Melissa A. Cidade
Diane K. Willimack
Kristin Stettler
Demetria V. Hanna
Expanding Record-Keeping Study Methodology to Assess Structure and Availability of Data in Business Records
Sixth International Conference on Establishment Surveys (ICES VI)
Thursday, June 17, 2021
Thank you very much to my colleague, Diane Willimack, for organizing this exciting session. I am eager to share with you some of the important work we have been doing at the Census Bureau regarding measurement error and economic surveys, and what a forum to do it in!
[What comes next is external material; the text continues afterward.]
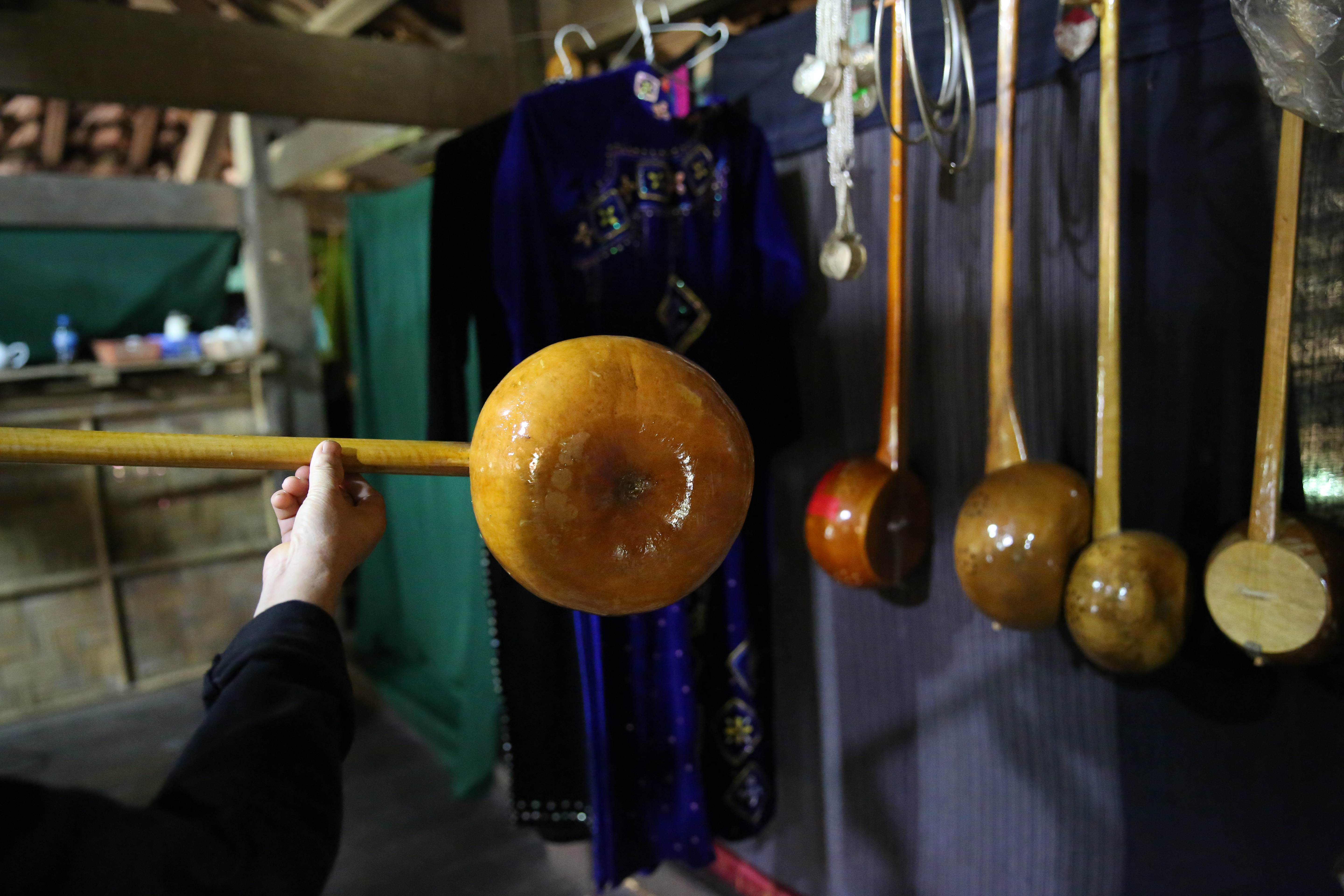 Gourds’ shells are polished to make ‘dan tinh’ (Photo: VNA)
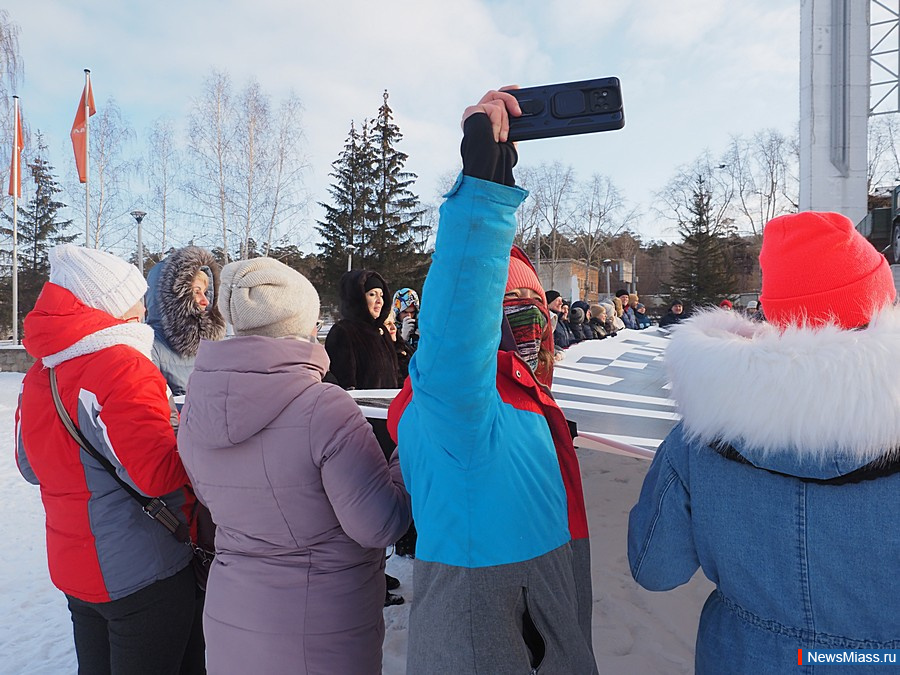   ""      QR-  !.     ,        ""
I am Melissa Cidade, a survey methodologist in the Census Bureau’s Data Collection and Methodology Research Branch in the Economic Statistical Methods Division. I have had the pleasure of working on an extensive redesign of our economic surveys in collaboration with my co-authors: Diane Willimack, Kristin Stettler, and Demi Hanna. During this presentation, I am going to walk you through some of the methodological innovations we have developed over the past two years or so in support of this redesign.
<number>
<number>
In-Scope Economic Surveys
A few years back, the Census Bureau enlisted the National Academies of Sciences – referred to as naz – to systematically review our annual economic surveys. This panel was charged with providing recommendations to improve the “relevance and accuracy of the data, reduce respondent burden, incorporate alternative sources of data where appropriate, and streamline and standardize Census Bureau processes and methods across surveys” (NAS 2016: 6).
On your screen now are the surveys that were in-scope for that review. You can see that for the most part, the Census Bureau has used a sector-driven approach to survey development – note that manufacturing and services have their own set of surveys, trade has a set of surveys, and so on. One of the recommendations from the NAS panel is the implementation of an Annual Business Survey System – which has evolved into the Integrated Annual Survey, a streamlined, cross-sector, harmonized survey instrument designed to lower respondent burden while still achieving high quality, timely data in the service of the American economy.
Driving the development of the Integrated Annual Survey has been a portfolio of research projects to bring together disparate sources of data to one survey instrument. This presentation will provide an overview of the innovative methods we have used to understand the record-keeping practices of businesses, in order to develop this streamlined instrument.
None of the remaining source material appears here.